• **WORK REQUEST**
Whatever precedes the line containing "Kummut Akord Scandi" is not copied; that line and every line after it through the final one below are copied exactly, except pictures.

• **RECORDS PROVIDED**
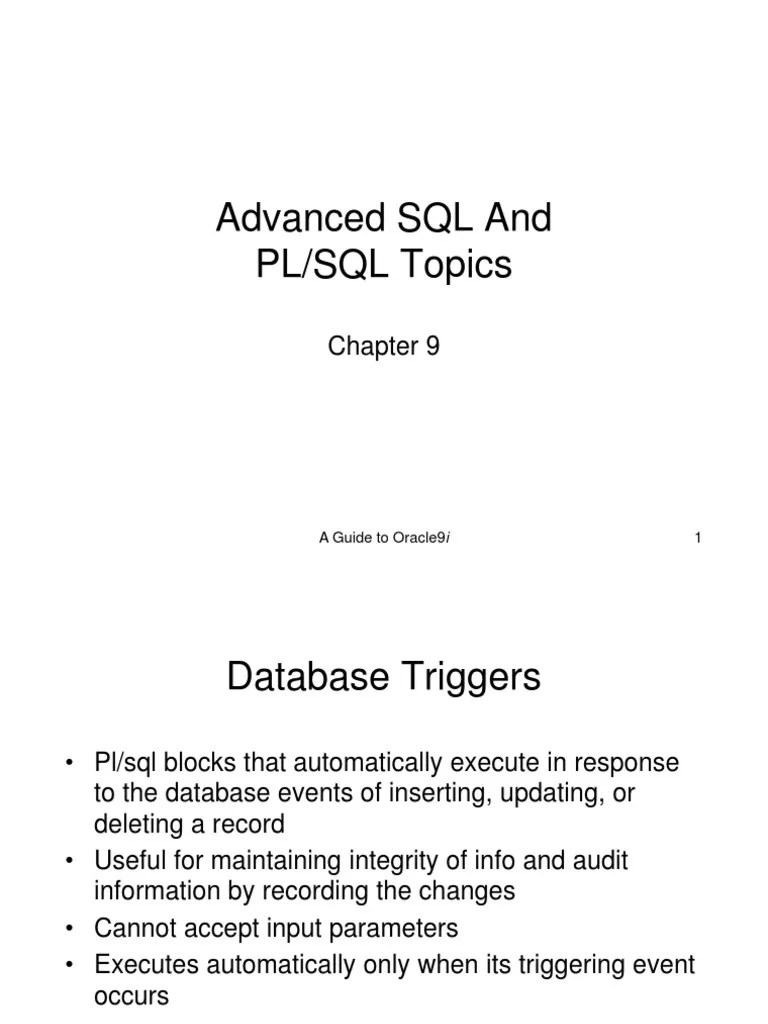 Advanced SQL And PL/SQL Topics: A Guide To Oracle9i 1 | PDF | Oracle ...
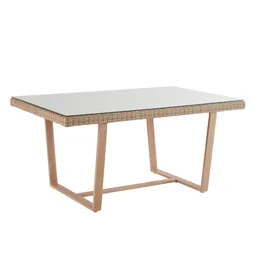 Table à manger de jardin NATERIAL Medena rectangulaire marron 6 personnes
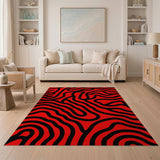 Bold Red Black Wavy Abstract Area Rug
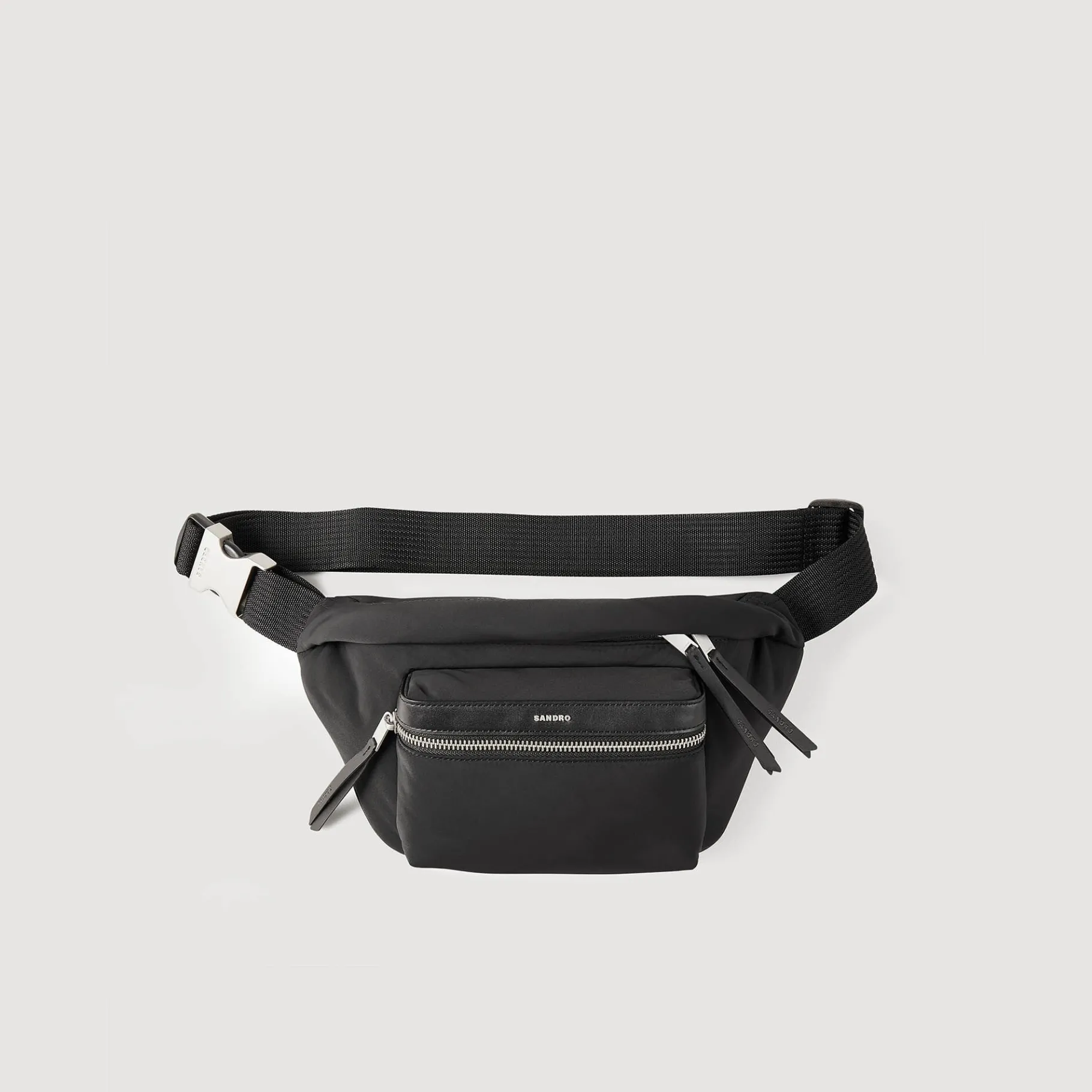 Discount SANDRO Sac Banane En Toile Et Cuir Noir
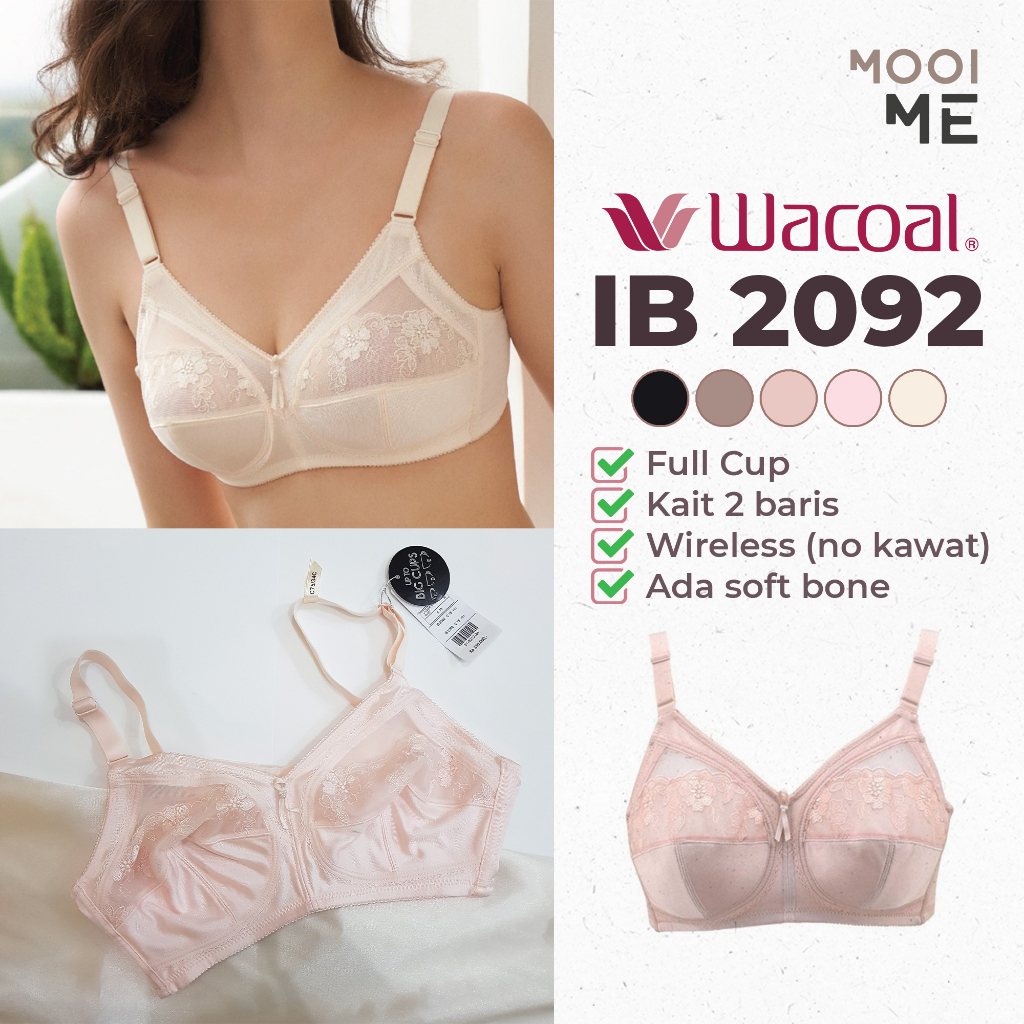 Wacoal IB 2092 Bra Full Cup Wireless (Tanpa Kawat) Busa Tipis Lace (Renda) - Hitam, Cream, Pink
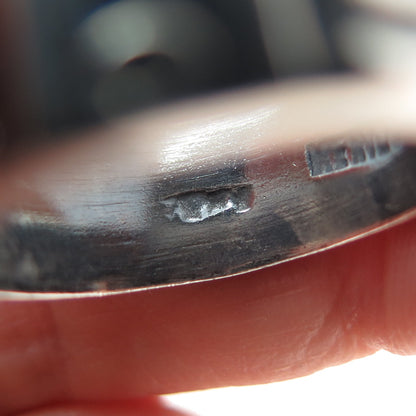 925 Sterling Silver Vintage Mexico Tribal Symbol Oxidized Band Ring Size 9.5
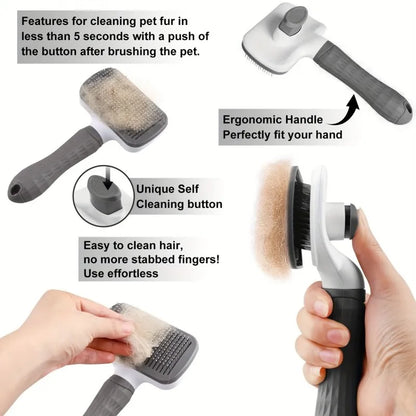 Self-Cleaning Pet Slicker Brush for Dogs & Cats – Detangling & Massage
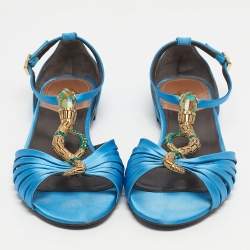 Pre Owned Roberto Cavalli Blue Satin snake Logo T-Strap Flat Sandals Size 39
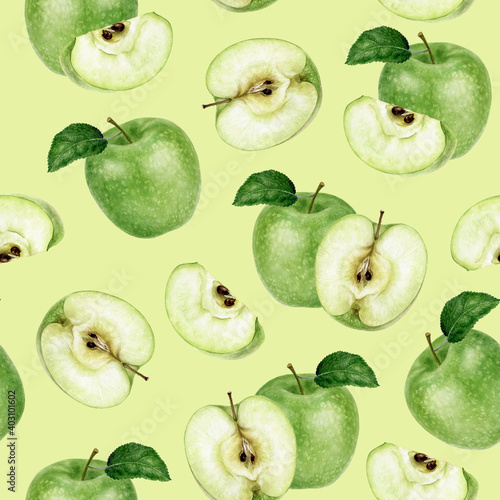 Watercolor seamless pattern green apple on a color background.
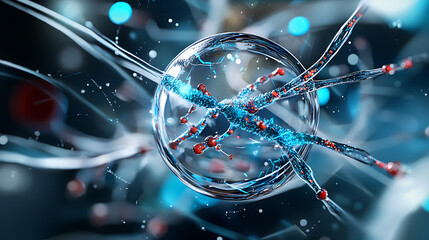 Poster - Dynamic molecular interaction science laboratory digital illustration abstract environment close-up view exploration of nanotechnology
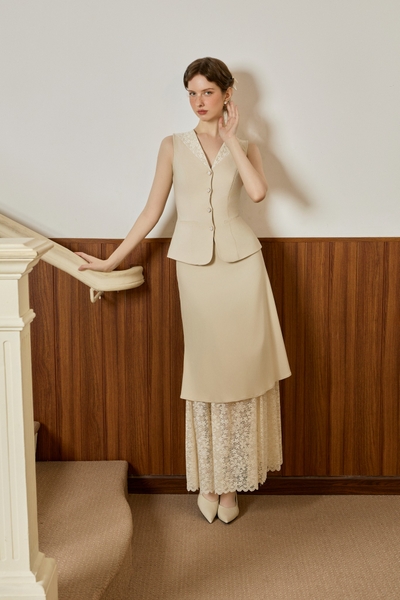 MINE T16525 ÁO GILE PHỐI REN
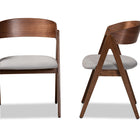 Baxton Studio Danton Mid-Century Modern Grey Fabric Upholstered and Walnut Brown Finished Wood 2-Piece Dining Chair Set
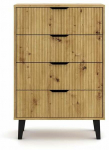 Kummut Akord Scandi 4S Slim, pruun v./must v., 102.5 cm x 39 cm x 70 cm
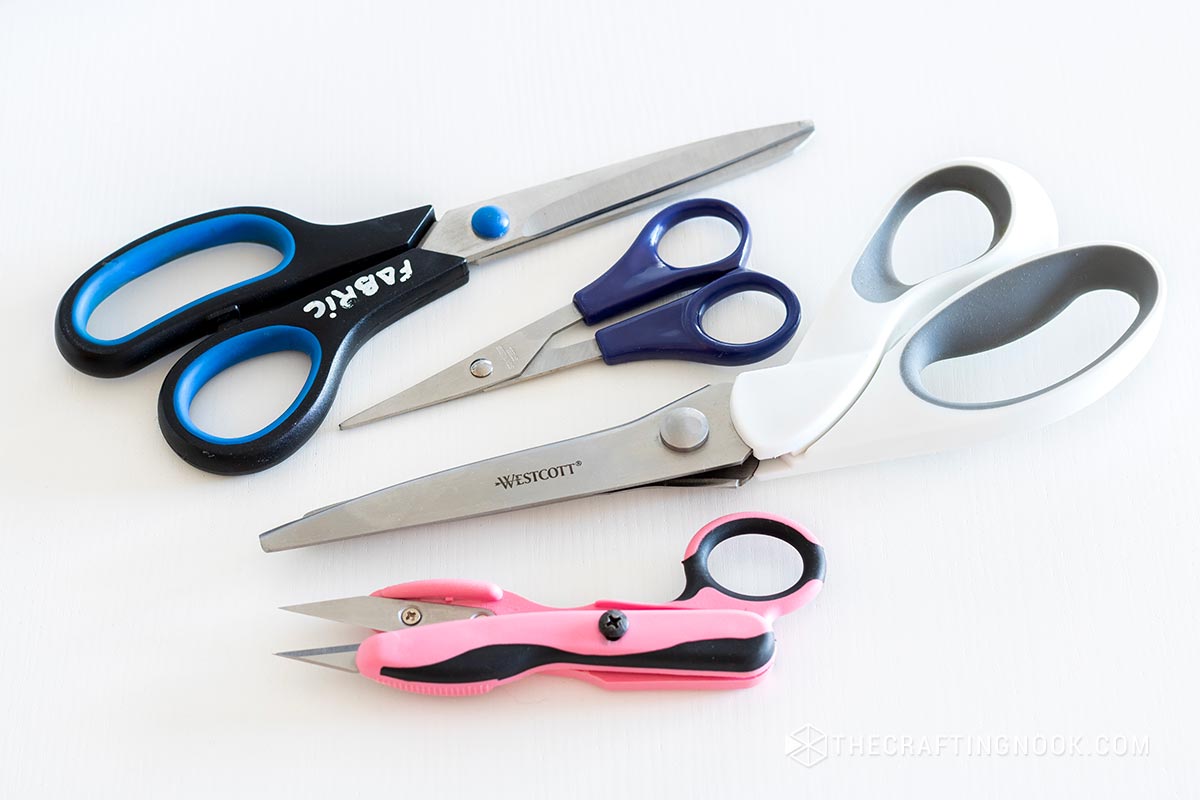 4 different types and size of scissors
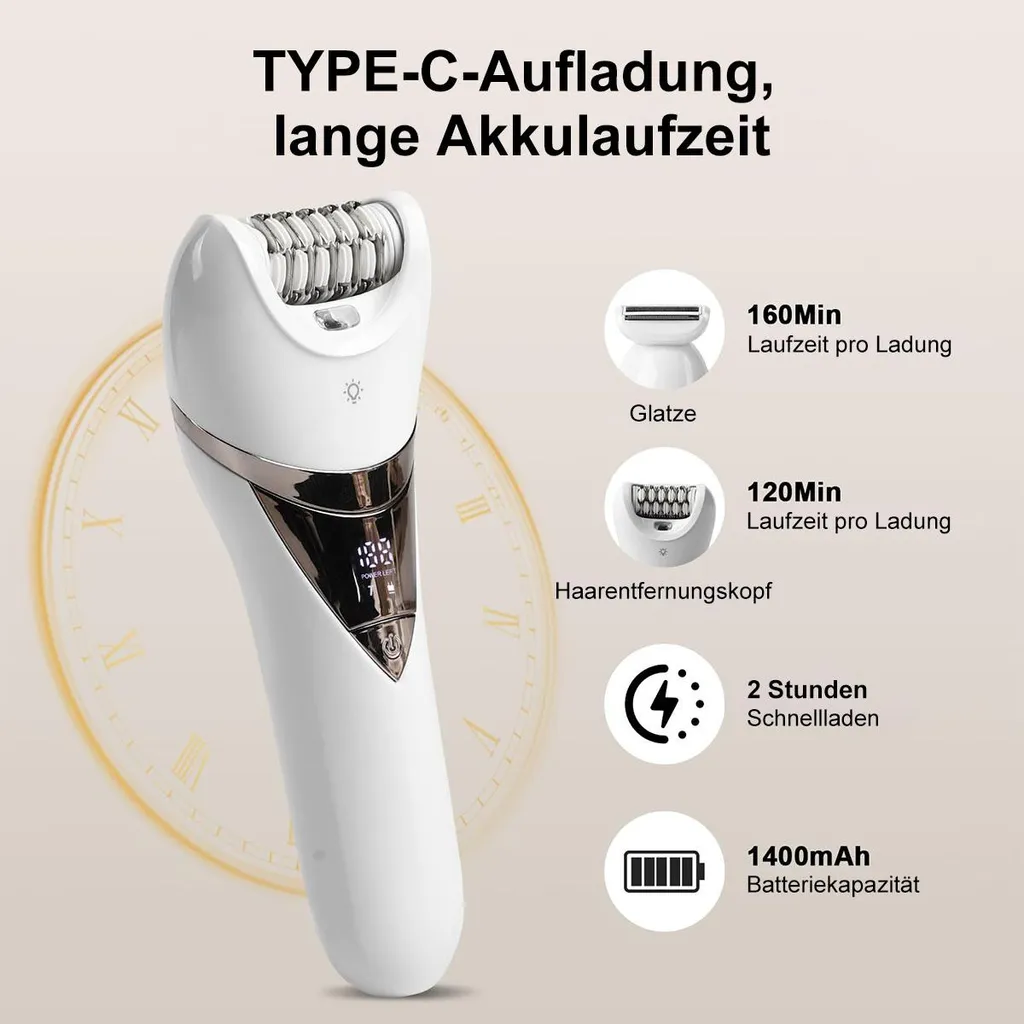 Ein weißer Epilierer mit digitaler Anzeige, Ladeanzeige und Zubehör.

• **RESPONSE**
 Kummut Akord Scandi 4S Slim, pruun v./must v., 102.5 cm x 39 cm x 70 cm
 4 different types and size of scissors
 Ein weißer Epilierer mit digitaler Anzeige, Ladeanzeige und Zubehör.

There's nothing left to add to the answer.